▶ _WHAT IS BEING ASKED_
Would you repeat word for word the lines of the listing that follows, from the one with "This is part" up to and including the one with "It features a", and leave out the images?

▶ _DATA FOR THE TASK_
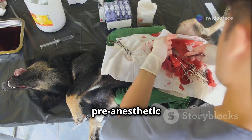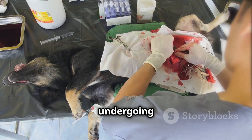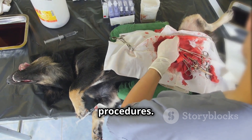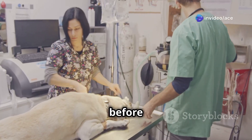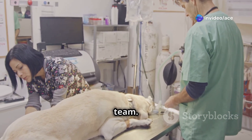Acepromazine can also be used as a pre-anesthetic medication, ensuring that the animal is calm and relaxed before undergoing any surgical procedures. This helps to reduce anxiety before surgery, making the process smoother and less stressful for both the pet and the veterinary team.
...
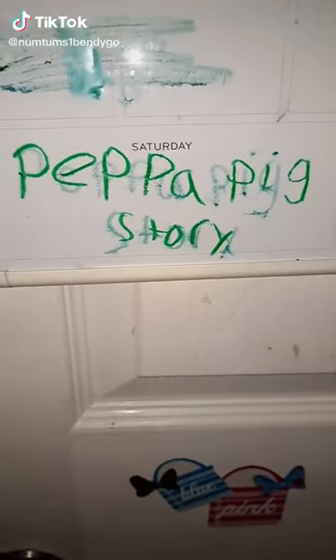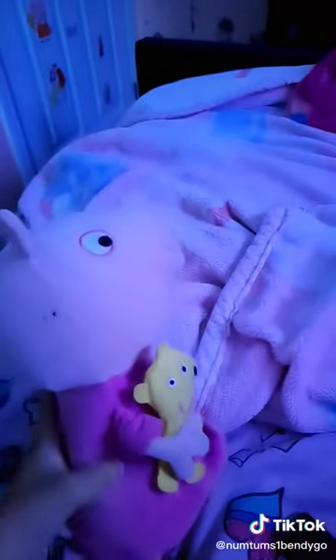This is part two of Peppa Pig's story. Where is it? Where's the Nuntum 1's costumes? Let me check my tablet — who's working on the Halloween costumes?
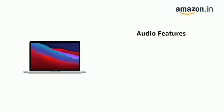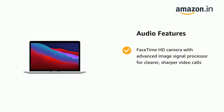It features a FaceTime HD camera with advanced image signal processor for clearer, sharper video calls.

▶ _ANSWER TO THE PROBLEM_
This is part two of Peppa Pig's story. Where is it? Where's the Nuntum 1's costumes? Let me check my tablet — who's working on the Halloween costumes?
It features a FaceTime HD camera with advanced image signal processor for clearer, sharper video calls.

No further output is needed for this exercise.